During an interview Wednesday with a private Egyptian satellite television station, presidential hopeful Mohamed ElBaradei declared that if he is elected president, he will halt natural gas exports to Israel or any other country, as Egypt is in dire need of natural gas and suffering from an energy crisis.
ElBaradei said that he is ready to engage in public debate with any presidential candidate, claiming that it is time to stop talking about candidates' personalities and to begin a more substantive conversation about political platforms.
He accused the domestic non-print media of practicing “intellectual thuggery” and blamed them for playing a role in lowering the collective awareness of Egyptians, noting that the majority of the country cannot read or write, and therefore depends on television and radio for its news.
ElBaradei committed to improving the media if elected president, promising to establish a national board of trustees that will be administered by an independent and popularly elected body, similar to the British Broadcasting Corporation (BBC).

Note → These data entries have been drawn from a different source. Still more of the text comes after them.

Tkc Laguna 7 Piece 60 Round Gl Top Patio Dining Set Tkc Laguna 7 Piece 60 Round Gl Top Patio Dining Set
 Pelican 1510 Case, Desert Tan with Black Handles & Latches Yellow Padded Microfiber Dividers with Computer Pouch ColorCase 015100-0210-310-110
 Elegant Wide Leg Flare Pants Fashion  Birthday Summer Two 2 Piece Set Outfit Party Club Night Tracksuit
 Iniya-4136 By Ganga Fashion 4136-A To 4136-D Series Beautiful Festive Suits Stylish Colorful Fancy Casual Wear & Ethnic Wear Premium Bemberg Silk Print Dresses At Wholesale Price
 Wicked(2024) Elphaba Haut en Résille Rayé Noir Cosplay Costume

He continued that Hazem Abdel Azim not being named minister of telecommunications in the new cabinet – following security reports surfacing that he had conducted business deals with Israel – was a significant loss and step backwards for the country. He noted that such leaks indicate a continued atmosphere of a police state, as the decision not to appoint Abdel Azim came on the heels of his severe criticism of the State Security Investigation Services. Though officially disbanded, the agency continues today as the National Security Agency.
ElBaradei also addressed the Tahrir Square protesters, saying, "I understand your reasons for protesting, especially after the death of all the martyrs.”
“It is very important to rebuild the confidence between the people on the one hand and the military, security services and government on the other, through clear and specific actions, such as holding speedy trials for corrupt members of the former regime," he went on.
"I do not need to go to Tahrir Square. The important thing now is to unify the people,” ElBaradei responded to a question of why he has not yet attended the protests. “Prior to the revolution, my main role was to raise awareness, since everyone was united; however, now leading the revolution is more important than igniting it."